What we want to know first of all, is whether you, as the regulars of this section, think that we should implement this idea. You might be enthusiastic and believe this might bring more life into the section, or maybe you think another show (or a few, even) deserves a chance to have a subforum. On the other hand you might think no show alone is popular enough to warrant a subforum, or that it would drag activity away from the main section.

If this poll gets a 'yes' majority, we will then move on to voting for a show popular enough to sustain an active subforum. If not, then the Heroes forum will probably be killed anyway and the Theatre will continue as normal.

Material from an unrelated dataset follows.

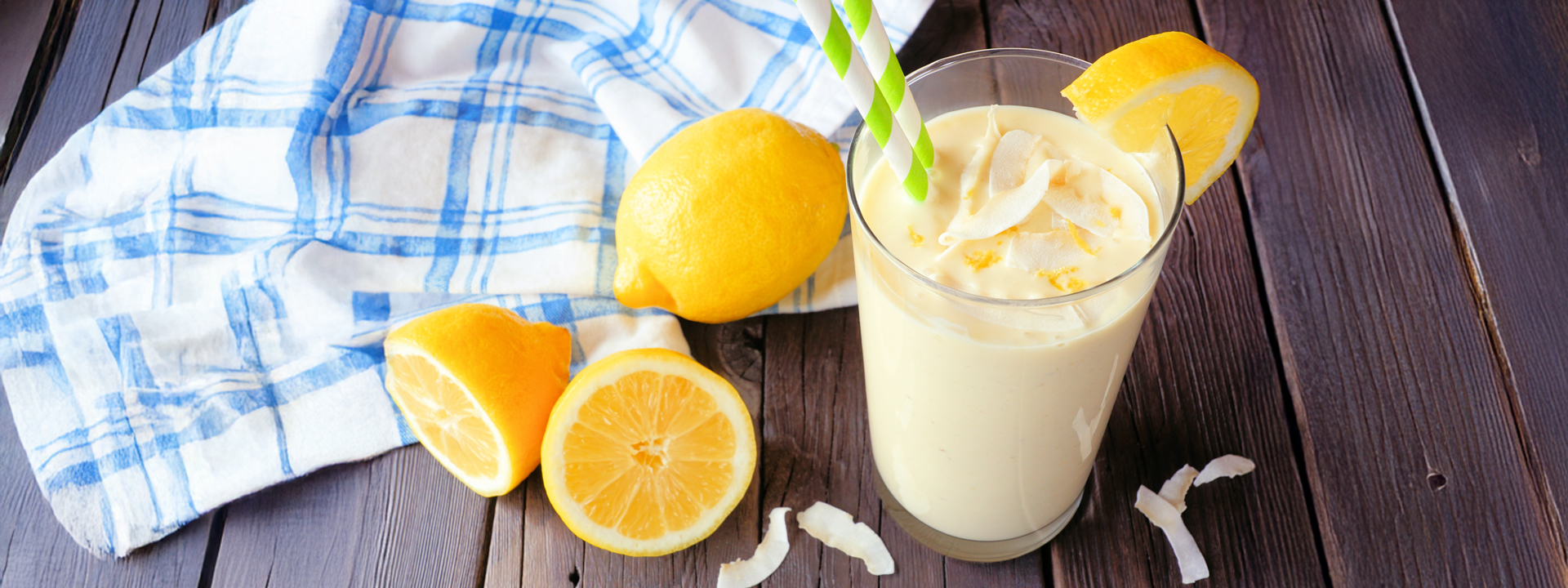 bicchiere di frappe yogurt e frutta con limoni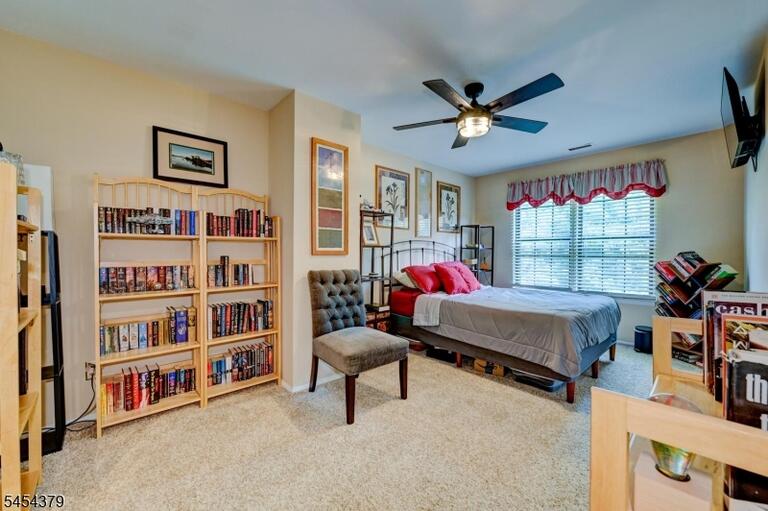 Property listing MLS 4047652 photo 18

Also, feel free to debate (nicely) in this thread.


----------



## Yakushi Kabuto (May 21, 2010)

/Happily votes yes. I already posted in that thread but I'll chime in support here too. Plenty of shows gain in popularity at different times. We can see this by the threads which have spawned thousands of posts and have people posting about the episodes as they come out. New fabulous ones are constantly coming out. Since each show is contained in just one thread I don't see how it could possibly take attention away from the main area. Go go go, give show of the month subforum. :3


----------



## Bart (May 21, 2010)

I voted "yes", Para.

There's quite a few shows that I'd like to be at the centre of discussion, so to speak, in the newly created subforum that I really hope comes to pass. There are several shows which I believe would definitely be popular enough to warrant a subforum, such as:

LOST
Supernatural
True Blood
Doctor Who

Can we get a hung parliament in the voting?


----------



## DisgustingIdiot (May 21, 2010)

I voted yes and can I suggest that we implement it for longer than a month per show? If we merely have it for four weeks then that's approximately a third of a season assuming a ~13 episode season. Less if the season is longer like many american seasons are.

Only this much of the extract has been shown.